_Your assignment_
Go through the listing below and retype exactly the lines starting at the one with "Rejillas de Parrilla" and ending at the one with "A'PIEU Маска для", skipping pictures.

_Records provided_
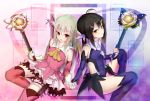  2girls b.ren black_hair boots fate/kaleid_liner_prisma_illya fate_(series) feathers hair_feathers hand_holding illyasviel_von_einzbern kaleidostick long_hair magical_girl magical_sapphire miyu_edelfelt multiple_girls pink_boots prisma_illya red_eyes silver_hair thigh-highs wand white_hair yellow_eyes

* * *

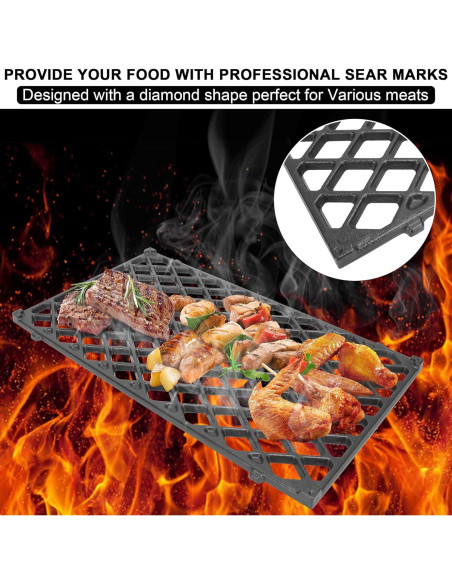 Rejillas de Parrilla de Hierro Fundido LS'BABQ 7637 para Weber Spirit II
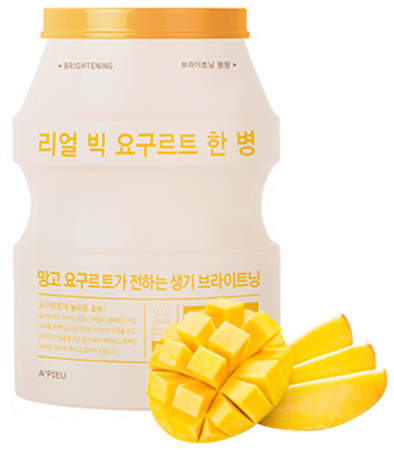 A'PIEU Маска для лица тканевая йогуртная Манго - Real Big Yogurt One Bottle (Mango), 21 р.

* * *

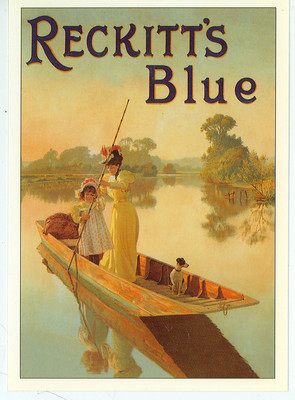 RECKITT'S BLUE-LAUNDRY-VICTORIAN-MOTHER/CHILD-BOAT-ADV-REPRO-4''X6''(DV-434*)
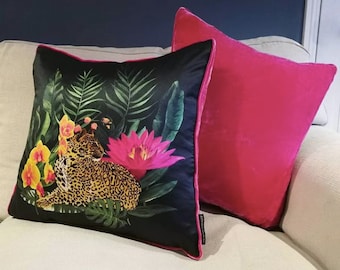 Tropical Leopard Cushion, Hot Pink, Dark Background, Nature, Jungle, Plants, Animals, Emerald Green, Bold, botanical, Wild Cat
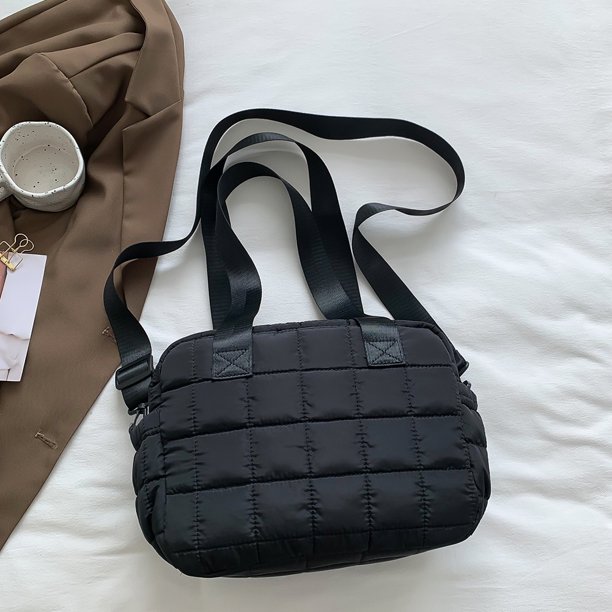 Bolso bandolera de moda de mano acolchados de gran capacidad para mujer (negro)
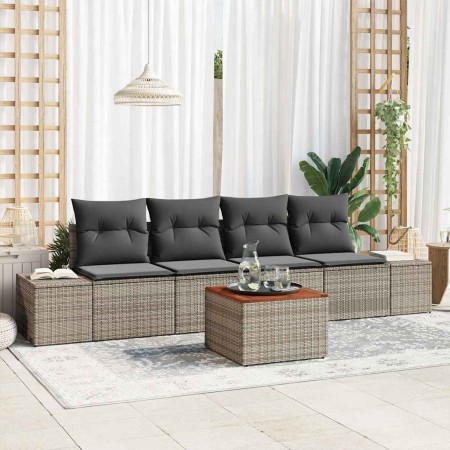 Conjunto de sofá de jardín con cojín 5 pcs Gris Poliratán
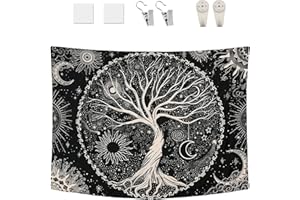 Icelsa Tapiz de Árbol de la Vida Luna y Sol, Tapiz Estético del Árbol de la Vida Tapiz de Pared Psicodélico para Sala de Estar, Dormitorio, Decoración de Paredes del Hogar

_Answer to this exercise_
 Rejillas de Parrilla de Hierro Fundido LS'BABQ 7637 para Weber Spirit II
 A'PIEU Маска для лица тканевая йогуртная Манго - Real Big Yogurt One Bottle (Mango), 21 р.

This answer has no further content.